EPIC has 19 competencies and 66 attainments established as “I can” statements. The competencies are a mix of academic skills and benchmarks for adolescent development. I find the EPIC competencies particularly interesting, as the descriptions feel as if there is real value in each for how students are living their lives both now and in the future. A few of my favorites:
- I can show strength and take action even in the face of fear.
- I can analyze how things change as they grow.
- I can develop or strengthen my writing by planning, revising, editing, rewriting, or trying a new approach.
- I can make it through tough situations and recover from challenges and setbacks.
The competencies don’t feel like they were drawn out of Common Core or state standards. They feel rooted in the lives of the young people in the school. The students explained that even though sixty-six attainments is a lot, it’s not when you think that you have four years to reach them all. Students explained that when they feel that they have met an attainment, they go to a teacher with the evidence of their skill and ask them to sign off. Some attainments, such as those related to science, will need to be signed by Mr. Dash, the science teacher. Others, such as writing-related attainments, might be approved by any teacher.

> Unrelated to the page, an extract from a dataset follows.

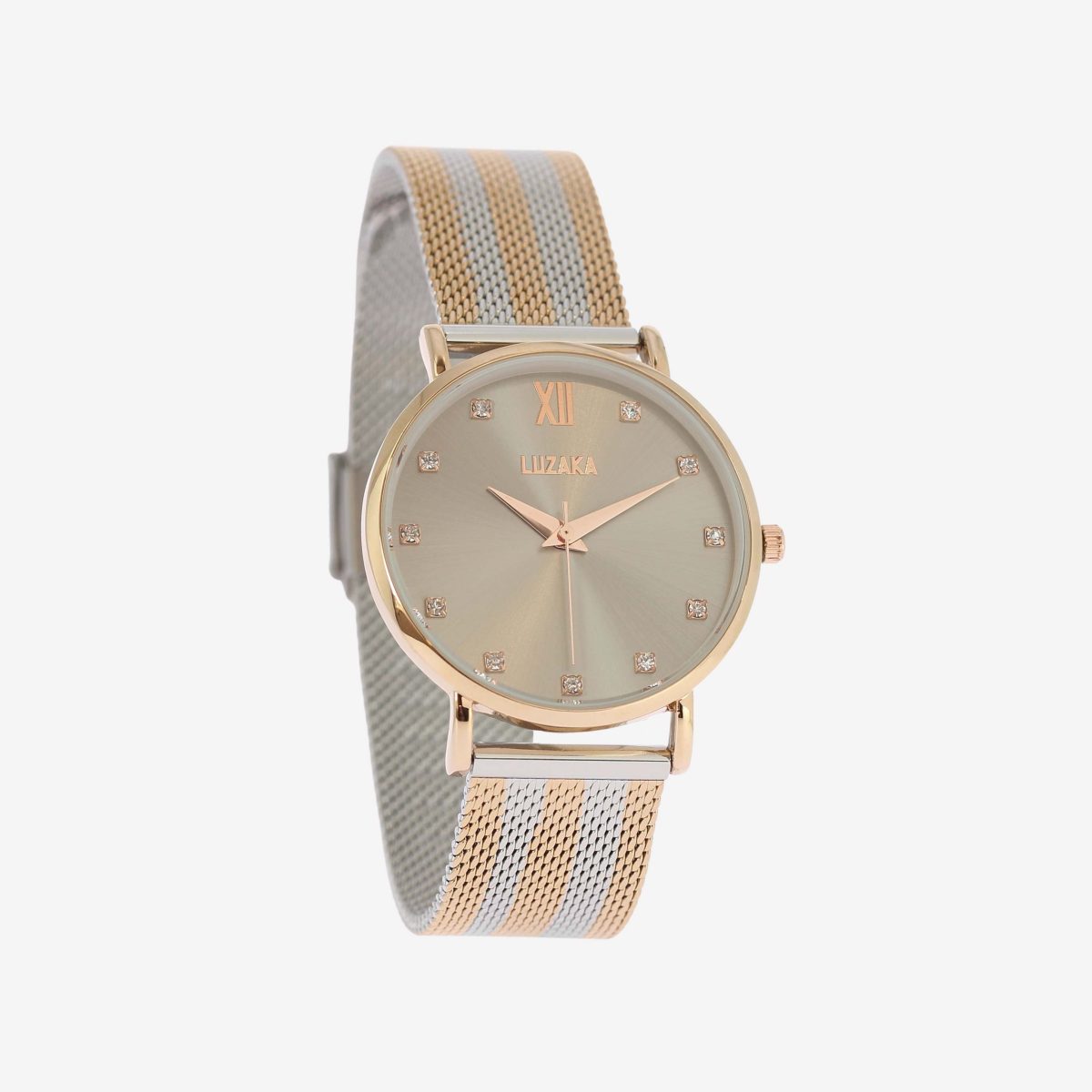 Hodinky Elena ružovo zlaté LUZAKA 10238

There are a number of incentives designed to help support students reach attainment. There is an awards ceremony every two weeks. If students really excelled on an attainment, they can ask someone to nominate them and write a speech about the experience of reaching that attainment. An award is given for each attainment. When students build up another ten attainments, they get a hoodie. However, you can lose the award of the attainment if your behavior changes or you fail to be consistently meeting it.
There is a strong emphasis on communication and presentation at EPIC. I realized it during my first visit, as students had been very well coached on how to meet and network with a visitor. As we talked about the importance of communication, one student pointed out that he had met college-ready levels for presentation skills, including professionalism, making eye contact, knowing content well, and precision in talking about the topic. Another student was teaching others how to make presentations and helping them learn how to provide helpful criticism. Students also described the symposiums where the three EPIC schools all gather together and present ideas to each other.
One important step in developing the competency structure was to focus on how to maximize the benefits for students and teachers. John Clemente, Director School Design and one of the initial nine ESI fellows, explained, “If it became too granular, learning would be more rote and simplified. We were not getting at critical thinking. We needed a structure that was less fine-grained than standards and would enable performance-based assessments for each unit. After narrowing the list of attainments, we worked with the Center for Collaborative Education to develop rubrics for each one.”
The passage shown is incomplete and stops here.